• EXERCISE
Restate each line below word for word, skipping every picture.

• SOURCE MATERIAL
- Opening Delimiter -
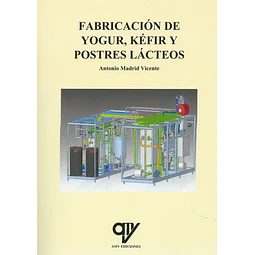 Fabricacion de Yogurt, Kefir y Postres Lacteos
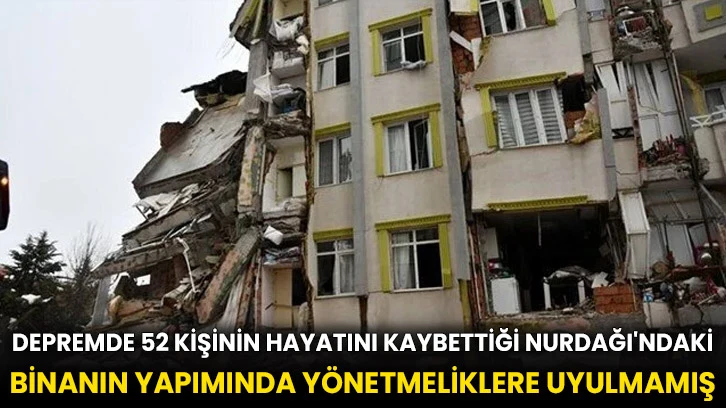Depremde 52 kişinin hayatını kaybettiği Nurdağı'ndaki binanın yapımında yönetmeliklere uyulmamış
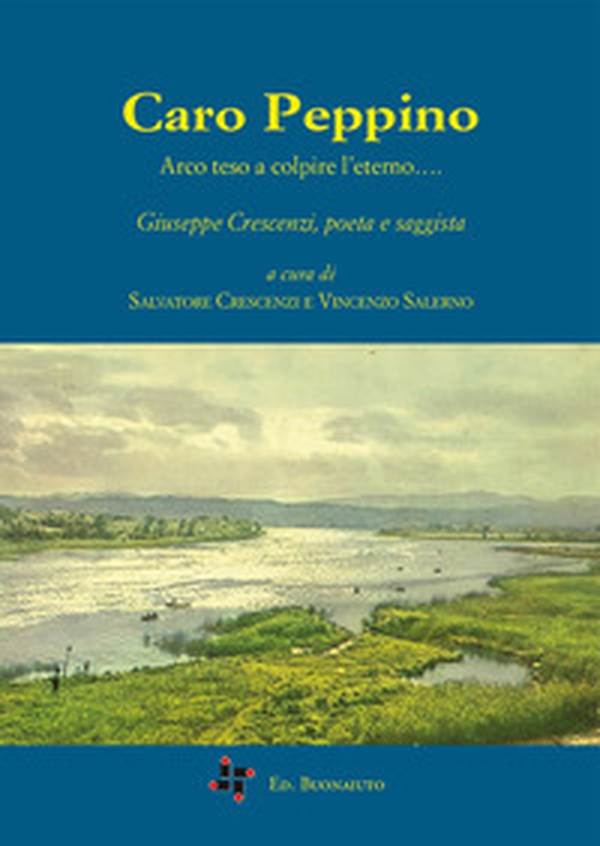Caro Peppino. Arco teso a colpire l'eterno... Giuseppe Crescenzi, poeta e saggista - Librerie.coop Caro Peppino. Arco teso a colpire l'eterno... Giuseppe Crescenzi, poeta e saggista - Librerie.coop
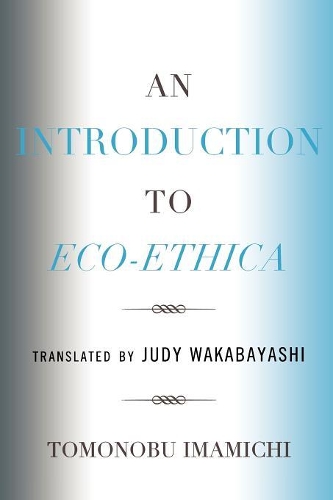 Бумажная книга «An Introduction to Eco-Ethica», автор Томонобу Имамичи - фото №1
- Closing Delimiter -
• OUTPUT OF THE EXERCISE
 Fabricacion de Yogurt, Kefir y Postres Lacteos
Depremde 52 kişinin hayatını kaybettiği Nurdağı'ndaki binanın yapımında yönetmeliklere uyulmamış
Caro Peppino. Arco teso a colpire l'eterno... Giuseppe Crescenzi, poeta e saggista - Librerie.coop Caro Peppino. Arco teso a colpire l'eterno... Giuseppe Crescenzi, poeta e saggista - Librerie.coop
 Бумажная книга «An Introduction to Eco-Ethica», автор Томонобу Имамичи - фото №1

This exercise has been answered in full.